Yu Huas wilde Groteske über China
Books | Posted 25/08/2009 | Belletristik | Keine Kommentare »
Frankfurt/Main (dpa) – Der Sprung von der Kulturrevolution, in der jeder Besitz verpönt war, zu einer von Profitgier getriebenen globalen Industriemacht war gewaltig. Die Chinesen hätten in 40 Jahren das erlebt, wofür der Westen 400 Jahre gebraucht habe, meint der Pekinger Schriftsteller Yu Hua.

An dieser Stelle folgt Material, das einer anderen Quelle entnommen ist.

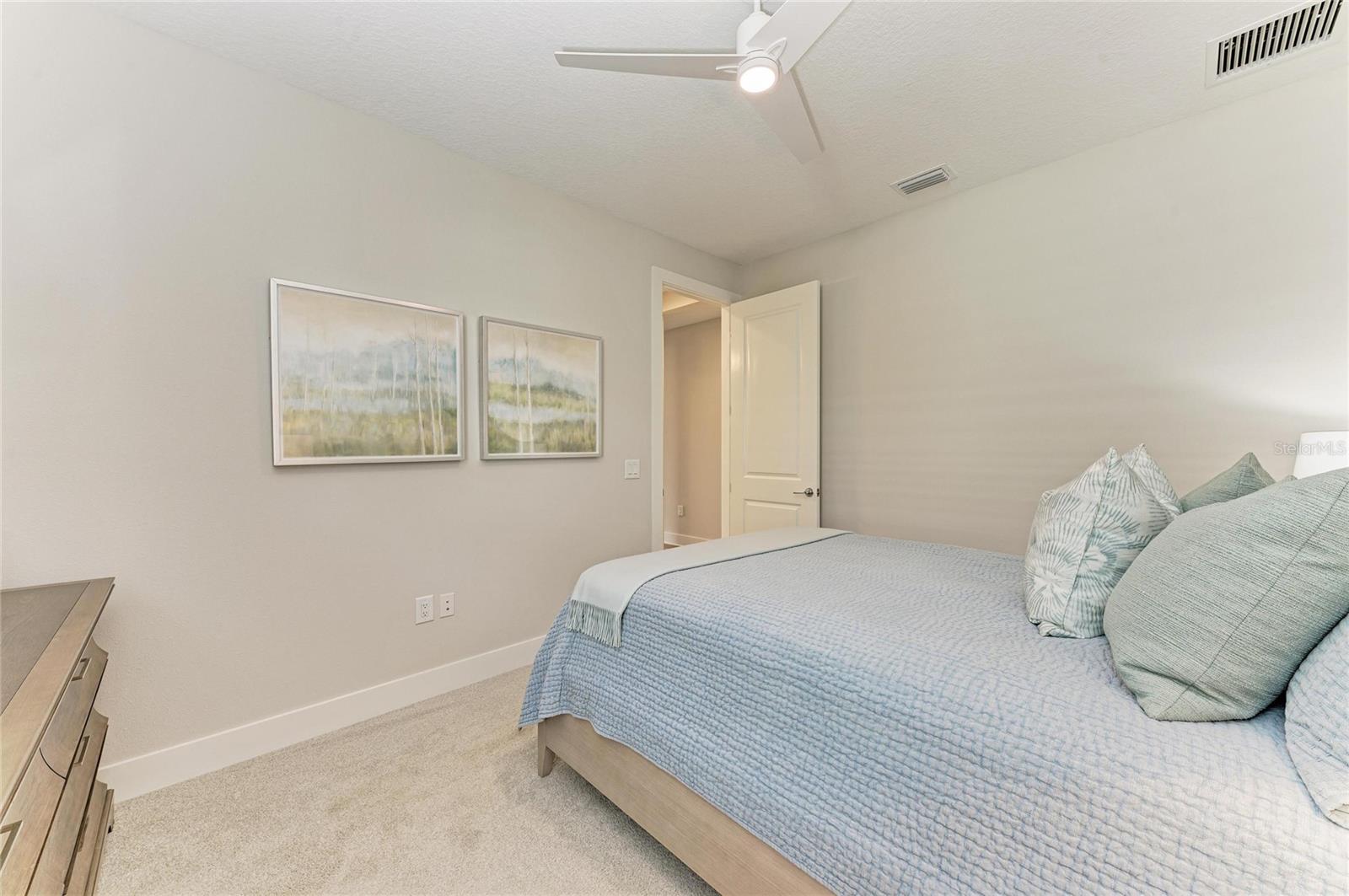 LAKEHOUSE COVE/WATERSIDE PH 4 - Residential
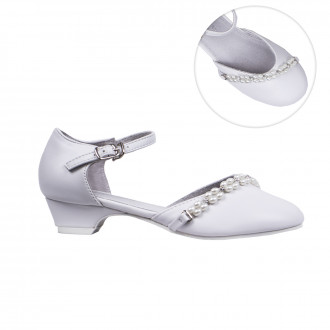 Анатомични официални обувки с токчета и перлички в бяло 1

Bei solchen Umwälzungen muss es in einer Gesellschaft zwangsläufig zu dramatischen Brüchen und Konflikten kommen. In seinem Roman «Brüder» hat Yu hat daraus eine schwarze Komödie gemacht, gespickt voller verrückter Einfälle.
Geschildert wird in dem Roman die Geschichte zweier ungleicher Halbbrüder, die in einer Kleinstadt aufwachsen. Schon früh werden sie zu Waisen, da sie in der Kulturrevolution auf brutale Weise ihre Eltern verlieren. Ein Trauma, mit dem die beiden unterschiedlich fertig werden. Der rüpelhafte Li wird nach der wirtschaftlichen Öffnung des Landes zum clever-gerissenen Geschäftsmann, der sich mit Müll und Lumpen ein Vermögen aufbaut.
Sein sensibler und zurückhaltender Bruder Song kriegt zwar das schönste Mädchen der Stadt ab, kommt aber beruflich nach dem Verlust seines Arbeitsplatzes in der Fabrik nicht mehr auf die Beine. Schließlich verkauft er seine eigene Ehre: Er lässt sich seine Brust vergrößern, um im kapitalistischen China mit seiner hemmungslosen Konsumwut den Landfrauen ein Gel anzudrehen, das Busen praller macht. Seine Frau verfällt nach zwanzig Jahren Ehe dennoch seinem sexbesessenen Bruder Li. Dieser kommt erst zur Besinnung, als sich Song das Leben nimmt.
Der von Ulrich Kautz trefflich übersetzte Roman ist eine wilde und auch unterhaltsame Groteske, in der es ziemlich derb zugeht. Yu, der mit Büchern wie «Leben» (1998) und «Der Mann, der sein Blut verkaufte» (2000) zu den international renommiertesten Autoren Chinas zählt, steht stilistisch dem Schelmenroman nahe. Diese Erzählweise setzt aber sowohl der Vielschichtigkeit seiner Figuren sowie dem Tiefgang des Romans Grenzen. Angesichts der zahllosen komischen Anekdoten verlieren die bedrückenden Momente der Saga an Kraft – dies gilt nicht nur für die Schilderung der Grausamkeiten während der Kulturrevolution.
Den Nerv der chinesischen Leser hat Yu jedenfalls getroffen. Der im Jahr 2005 in China veröffentlichte Roman wurde mit einer Auflage von 1,5 Millionen zum Bestseller. Und die Zensur hat die bissige Satire ohne Probleme passieren lassen. Yu, der zu den schärfsten Kritikern von Geldgier und Korruption im kommunistischen Machtapparat gehört, wird zur Frankfurter Buchmesse im Oktober kommen. China ist Ehrengast. Und Yu sogar Mitglied der offiziellen chinesischen Autoren-Delegation – eine weitere ironische Pointe über chinesische Widersprüche.